Croatian fans held over vulgar anti-Serb slogan
June 13, 2020Croatian officials slammed an anti-Serb incident that saw a group of youths display a banner in the capital Zagreb reading: "We will fu** Serbian women and children."
Conservative Croatian Prime Minister Andrej Plenkovic said, "There is no place for it in a public environment," adding that the incident was "unacceptable."
Education Minister Blazenka Divjak said the event was "disgusting," according to the Beta news agency.

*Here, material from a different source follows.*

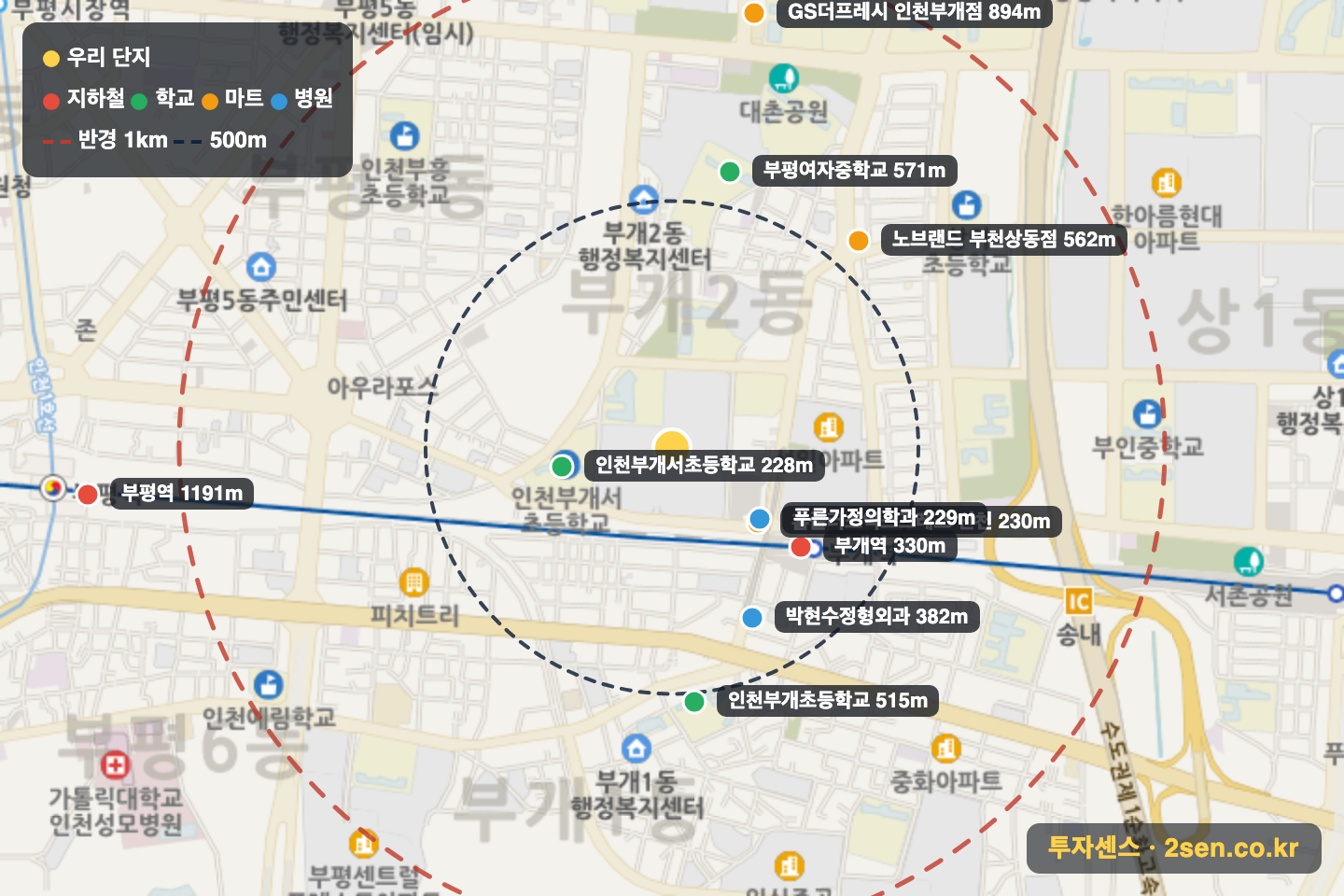 부개역푸르지오 반경 1km 입지 지도(지하철·학교·마트)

On Friday, Croatian police said four people were detained over the photo of the incident, which was taken by a Croatian photographer and posted by a Serb association on Twitter. The photograph said the black-clad youths, apparently fans of the Dinamo Zagreb football club, also chanted "kill, kill the Serb" while waving torches, according to AFP.
Symbols of Ustasha
Right-wing groups in Croatia routinely use anti-Serb slogans and messages to target the Serbian minority in the EU country. Mainstream politicians also often invoke the memories of the 1990s war that pitted Croatian independence fighters against Serb-dominated pro-Yugoslavia forces. At the time, parts of Croatian forces used symbols and slogans of the World War II Ustasha militia. The Ustasha had conducted a campaign of genocide under the supervision of Nazi Germany, which was mostly directed at Serbs living in Croatia.
The same symbols were also displayed by the group of about a dozen football fans in Zagreb on Thursday. In the message on the banner, the letter "U" was stylized as the Ustasha emblem, and some of the black-clad men were also flying the flags bearing the Ustasha salute "For home(land) ready." The slogan was used by Ustasha as a Croatian equivalent to the Nazi "Sieg Heil."

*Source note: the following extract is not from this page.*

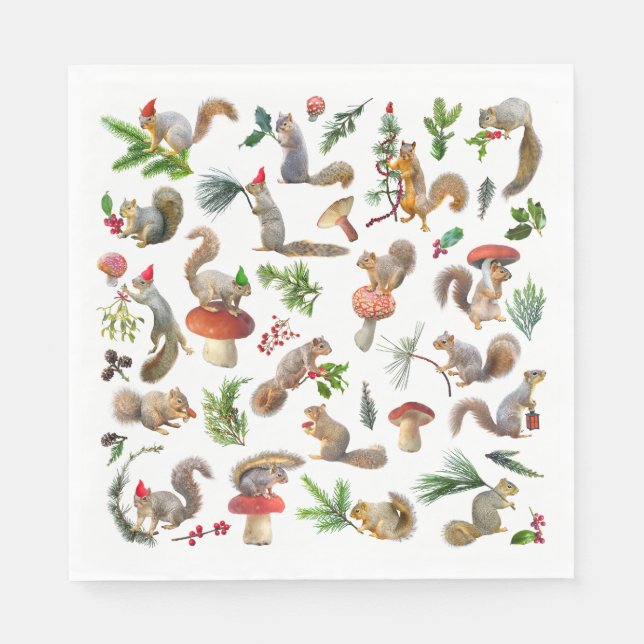 Guardanapo De Papel Esquilo Vermelho e Napkins Verde (Frente)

Read more: Croatian President Milanovic protests WWII Ustasha slogan
Flirting with far-right
Despite Croatia's 2013 entrance to the EU, the country has seen a rise of racist and neo-fascist sentiment. In 2016, a plaque bearing the Ustasha slogan was placed at the site of the Jasenovac concentration camp and was only removed after public pressure several months later. Top ranking government officials are also a common sight at the Bleiburg memorial event in Austria, which Austrian activists describe as "the largest neo-Nazi congregation in Europe."

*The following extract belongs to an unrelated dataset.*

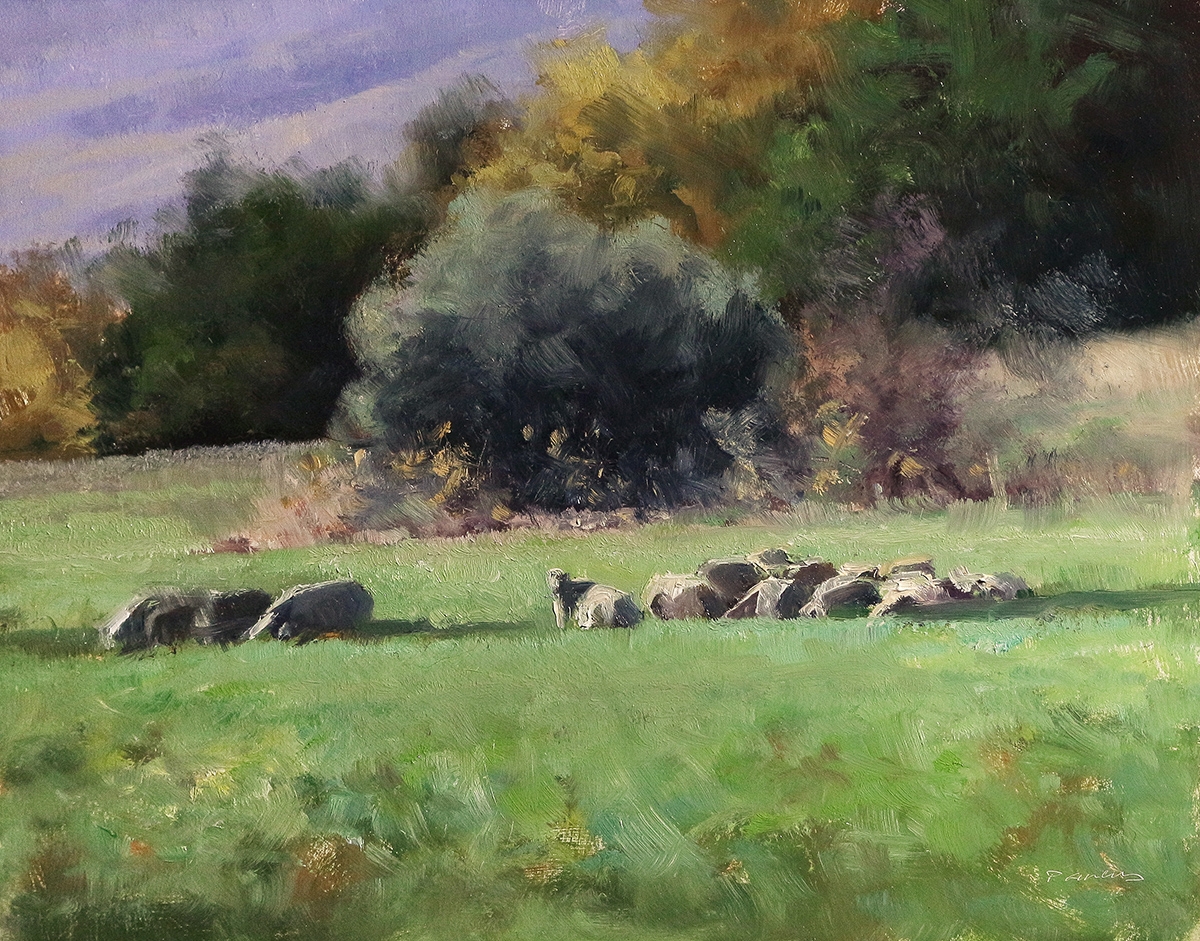 Peinture : Moutons Champs des Bollenes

Last month, the Croatian parliament endorsed the controversial mass dedicated to Bleiburg victims in Sarajevo. When DW contacted the German embassy in Zagreb for comment on the Sarajevo mass and the ensuing protests, a response made it clear that the ambassador was "not available for this topic."
Read more: Mass for Nazi-allied 'victims' sparks protest in Sarajevo
The German Foreign Ministry did respond to a DW query, calling for "dialogue" between different "social and political forces in Bosnia & Herzegovina and the region."
"It is only with dialogue that the urgently needed social reconciliation can be promoted," they wrote in an email.